Well, the advantage of L3 is that you can use it for graphics too - L2 being exclusive to the cpu cores. This also probably means you can make the L2 cache attached to the ROPs smaller if you've got shared L3 and it's still faster (as the gpu l2 cache wasn't that large). Clearly, for Phenom II / Athlon II the L3 cache did not really help THAT much - but that balance should shift towards the solution with L3 cache in terms of performance benefits / area if you can also use it for the graphic core. It might require some changes to the MC/graphic core though, which might be something AMD isn't willing to do (as they couldn't just use basically unchanged discrete gpu cores).

hkultala · Nov 11, 2010

mczak said:
Well, the advantage of L3 is that you can use it for graphics too - L2 being exclusive to the cpu cores.

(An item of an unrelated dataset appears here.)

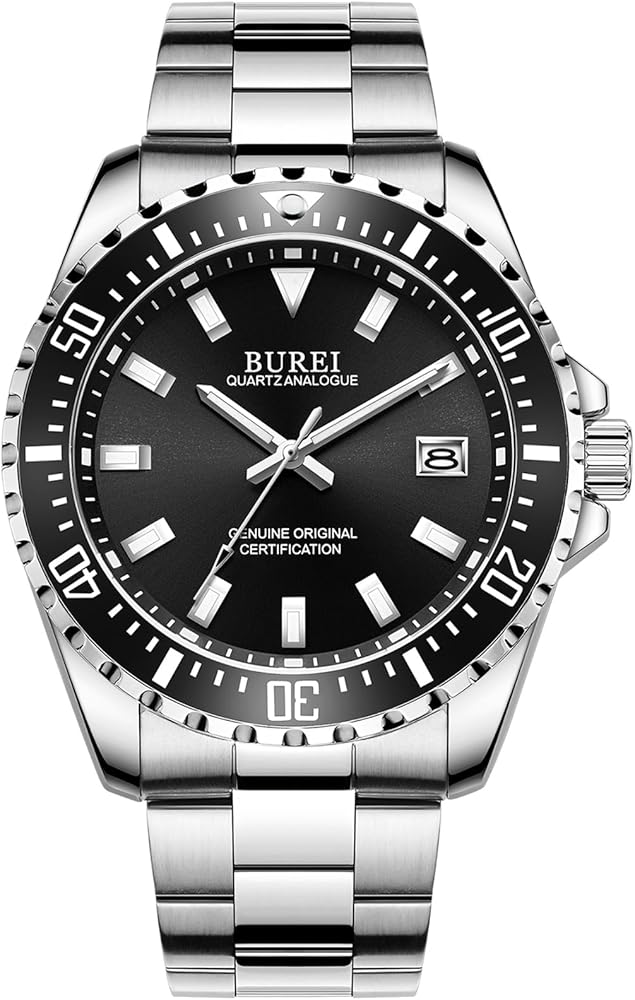 BUREI Reloj para Hombre Reloj De Pulsera De Cuarzo Analógico Hombre De Negocios con Relojes De Calendario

What makes this an advantage?

hkultala · Nov 11, 2010

mczak said:
I really don't see the 480SPs in Llano - not with the flop numbers AMD quoted. More like 240SP IMHO.

Yep.

And the size of the GPU part of the chip also seems to indicate it has 240 shader ALU's, not 480.

Alexko · Nov 11, 2010

mczak said:
I really don't see the 480SPs in Llano - not with the flop numbers AMD quoted. More like 240SP IMHO.

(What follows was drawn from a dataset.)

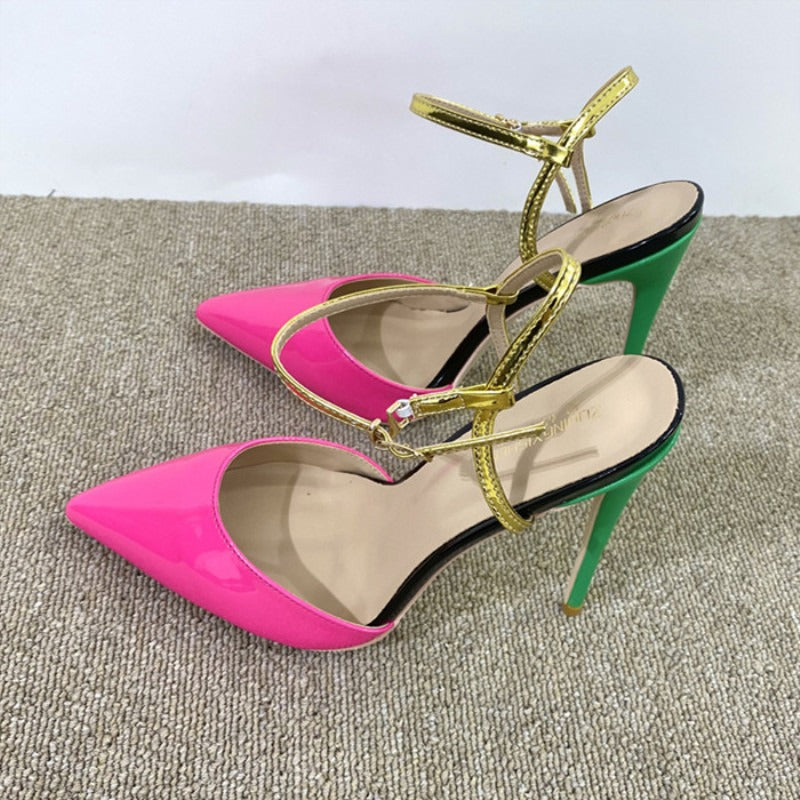 Color Block Pointed Toe High Heel Sandals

They said 500+ GFLOPS. That sounds to me like 480SPs @ ~550MHz or maybe 400SPs @ ~630MHz.

240SPs at ~1040MHz just doesn't seem realistic, power-wise.

That GPU-part looks to be around 100mm², which is close to Redwood's size, but on 32nm.

mczak · Nov 12, 2010

Alexko said:
They said 500+ GFLOPS. That sounds to me like 480SPs @ ~550MHz or maybe 400SPs @ ~630MHz.

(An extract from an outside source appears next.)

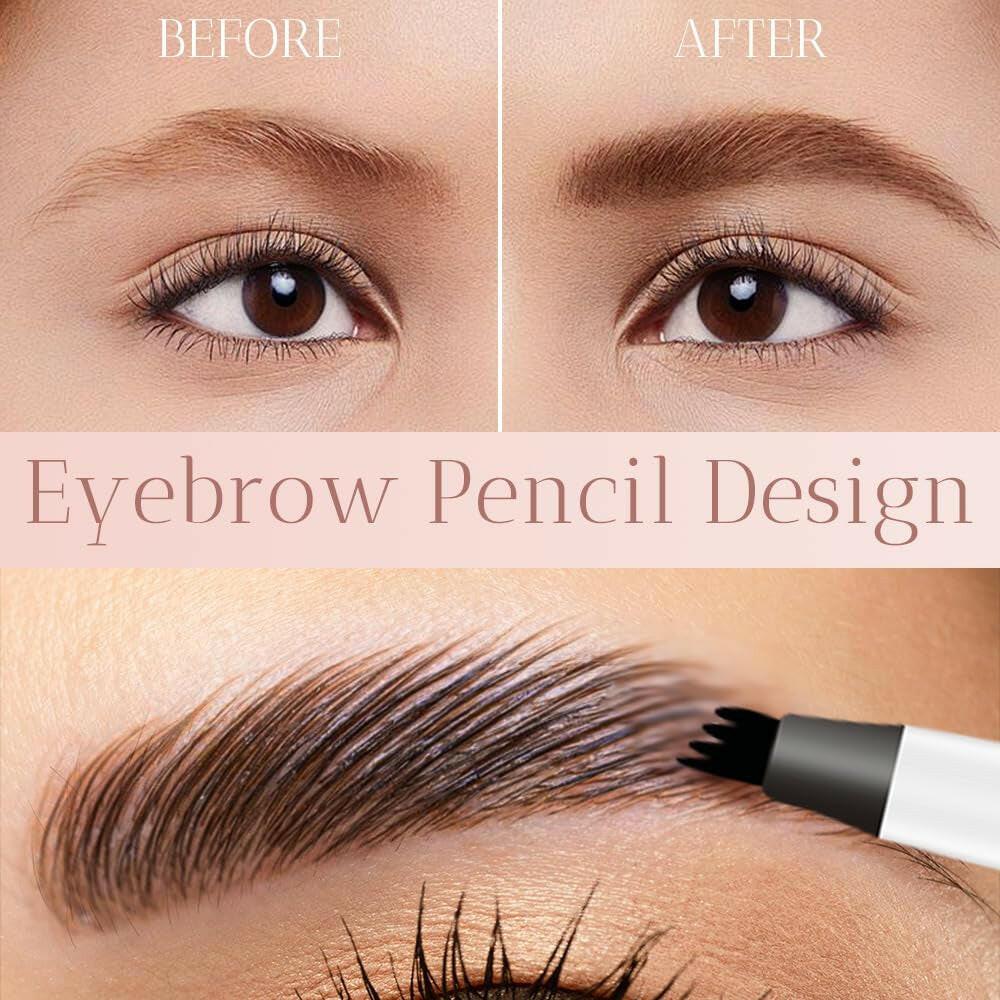 2024 New Waterproof Brow Pencil with Micro-Fork Tip, 3D Waterproof Microblading Eyebrow Pen 4 Fork Tip Tattoo Pencil, 24 Hours Waterproof Tattoo Pen for Eyebrow (Dark Brown) - Supply Center USA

240SPs at ~1040MHz just doesn't seem realistic, power-wise.

The quote was 400-500 GFlops. And from how it was worded, it was for the whole chip. Which leaves 300-400Gflops for the GPU. With 240SPs that gives you 625-830Mhz. Sounds doable to me.

That GPU-part looks to be around 100mm², which is close to Redwood's size, but on 32nm.

You are right it looks quite big.

Alexko · Nov 12, 2010

mczak said:
The quote was 400-500 GFlops. And from how it was worded, it was for the whole chip. Which leaves 300-400Gflops for the GPU. With 240SPs that gives you 625-830Mhz. Sounds doable to me.

You are right it looks quite big.

There was another comment during analyst day, where the guy said 500+ GFLOPS, worded in a way that makes me think it was just for the GPU. I don't have time right now but I'll try to find it a link it later today.

mczak · Nov 12, 2010

Alexko said:
There was another comment during analyst day, where the guy said 500+ GFLOPS, worded in a way that makes me think it was just for the GPU. I don't have time right now but I'll try to find it a link it later today.

Even with 500+ gflops for the gpu, shouldn't 400 SPs be more than sufficient? That would only need 625Mhz. Shouldn't the 32nm SOI process actually allow clock increases over 40nm bulk? Granted the structure doesn't really look like that. But it would be strange imho if there would be so many simds (hence increasing cost) but then they'd be clocked so low.

Alexko · Nov 12, 2010

mczak said:
Even with 500+ gflops for the gpu, shouldn't 400 SPs be more than sufficient? That would only need 625Mhz. Shouldn't the 32nm SOI process actually allow clock increases over 40nm bulk? Granted the structure doesn't really look like that. But it would be strange imho if there would be so many simds (hence increasing cost) but then they'd be clocked so low.

400 SPs seems plausible, but 240 doesn't, IMO.

I can't find a free transcript for Tuesday's analyst day, but I think the quote in question was during the Client platforms breakout session, for which the webcast is still available.